While it may seem odd for the City of Greensboro to be demolishing a Guilford County building that until recently housed the Sandhills Center mental health facility for Guilford County, in 2019, as part of a complicated land transaction that involved Guilford County, the City of Greensboro and The Carroll Companies (which owns the Rhino Times), Greensboro bought the building with the intention of tearing it down.
The real estate transaction included The Carroll Companies providing some of the land that Greensboro needed to build the North Eugene Street parking deck and Greensboro, after purchasing the old mental health building from the county, agreed to lease it back to the county for $1 a year and not to demolish it for two years.
The agreement between The Carroll Companies and Greensboro called for the city to demolish the building before turning the land over to The Carroll Companies.

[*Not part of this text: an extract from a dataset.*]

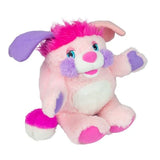 Popples Party Plush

Some longtime Greensboro residents still refer to the building as the Sears and Roebuck building, since it began its life as a Sears store after, what was at the time, a controversial land sale.
The demolition of the old mental health/Sears building is expected to be completed by June, which will clear the site for a mixed-use development, Carroll Ballpark South, planned by Roy Carroll, the president and owner of The Carroll Companies.
When Carroll Ballpark South was announced in 2019, the estimated cost of the project, which would include a hotel, meeting and office space, apartments and ground floor retail, was estimated at $140 million.
The plans for Carroll Ballpark South call for it to wrap around the city parking garage with frontage on Bellemeade Street, North Eugene Street and West Friendly Avenue.
My uncle worked for Allstate, and had a booth there. My parents bought their first TV there in 1949. It was a 12″ octagonal screen. You needed to sit nearby to constantly adjust the horizontal & vertical, that was my job. We got 1 or 2 stations.
What a waste! That was Sears & Roebuck when I was a child. Before that, it was owned by the VanNoppen family, whose kin was Judge Leonard VanNoppen ( who never said “not guilty”) Hate to see it go, but what the heck, nothing stays the same but hate, prejudice, racism and idiots.
When they are finished there then they can go on down to the Woolworth building really be a cost savings to the taxpayers
Remember your words when a mentally challenged person invades your home and attacks you with a box cutter because there is no place for them to get emergency psychological services.
For the low information person, https://www.guilfordcountync.gov/services/guilford-county-behavioral-health-centers. I think Guilford County has that covered. Of course if someone breaks into my house with a box cutter I think I have the proper response and there will be no need for county behavioral health services.
Just send them to my house with a box cutter there will be no need for psychological services.